Esta, aparte de estar presente en nuestro día a día ante la
cantidad de sucesos increíbles que discurren ante nuestros ojos, es la frase
más usual de mi amiga, la directora de sucursal bancaria.
Hace unos años nos contaba historias cercanas al reino de
fantasía sobre cómo cualquiera se acercaba a solicitar un préstamo justificando
documentalmente unos ingresos medios (casi mediocres, vaya), pero argumentando
que en sus actividades de fin de semana (llámese hacer paellas gigantes,
llámese pintar pisos) se sacaba un sobresueldo que lo sacaba de la mediocridad
financiera.
Y los bancos, sin prueba documental adjunta, asentían y mi
amiga no tenía más remedio que dar crédito porque así lo dictaminaba la comisión
de riesgos de su entidad, a pesar de la poca confianza que le daban esas
paellas por raciones.
Lejos quedaban los tiempos en que para comprarte un piso te
exigían nómina digna, legal y con antigüedad, contrato indefinido y aval de los
suegros.
Pero esto de las finanzas
vive sujeto a vaivenes cual moda de pasarela. Y volvemos a lo de antes.
Además, como en cualquier reedición, la nueva versión es aún más exigente. Y
hoy no hay quien suelte prenda. Ni dé un crédito.

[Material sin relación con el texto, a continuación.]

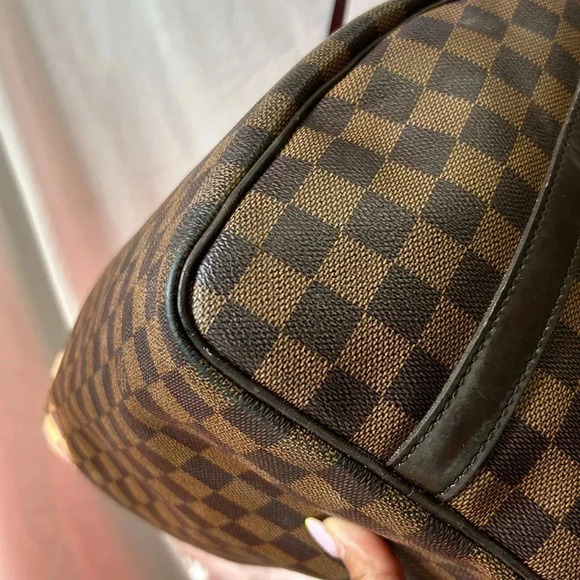 Louis Vuitton bandolier 30 - Picture 8 of 16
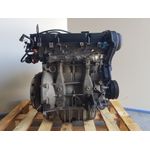 Motor Completo Para Ford Focus C-Max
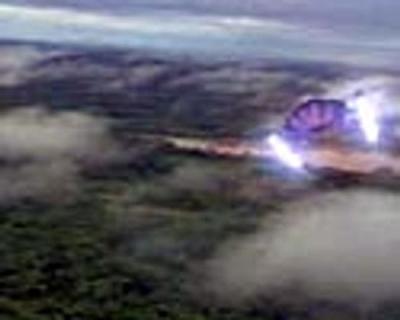 Earth: Final Conflict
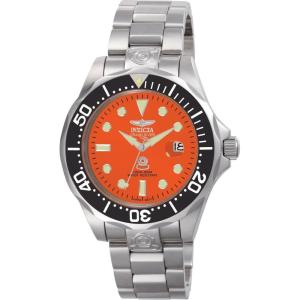Invicta Men’s 4186 Pro Diver Collection Grand Diver Automatic Watch
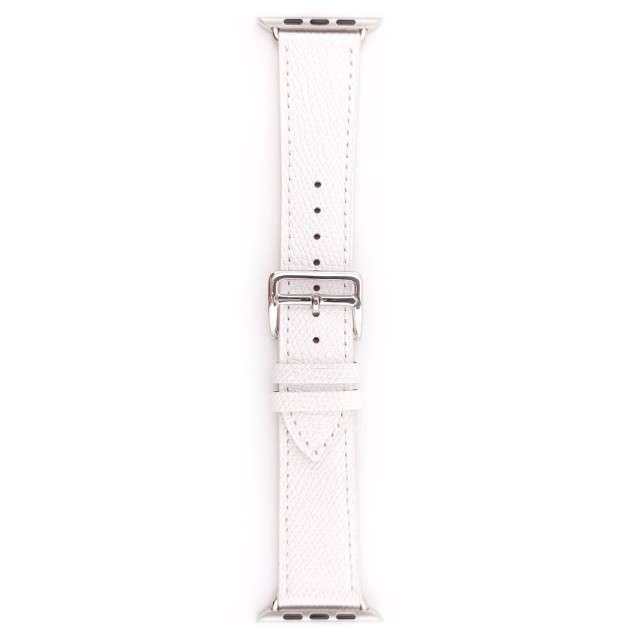 Apple Watch Elegant Genuine Leather Band - Medea Single Tour | SMANIQUE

Ya puedes ir al bancario con tu mejor sonrisa, tu mejor
escote o la nómina más jugosa. El “no” es la respuesta predeterminada salvo
para excepciones registradas en el “Manual del banquero en épocas de déficit” y
que deben ser menos de tres, visto lo visto.
Al final si uno quiere ir contracorriente y comprarse el
chaletito de sus amores o el cochazo de sus sueños y le importa un bledo lo que
diga Lagarde, lo tiene claro. O tiene el dinero contante y sonante o no hay
crédito que avale sus deseos. Así no hay quien compre.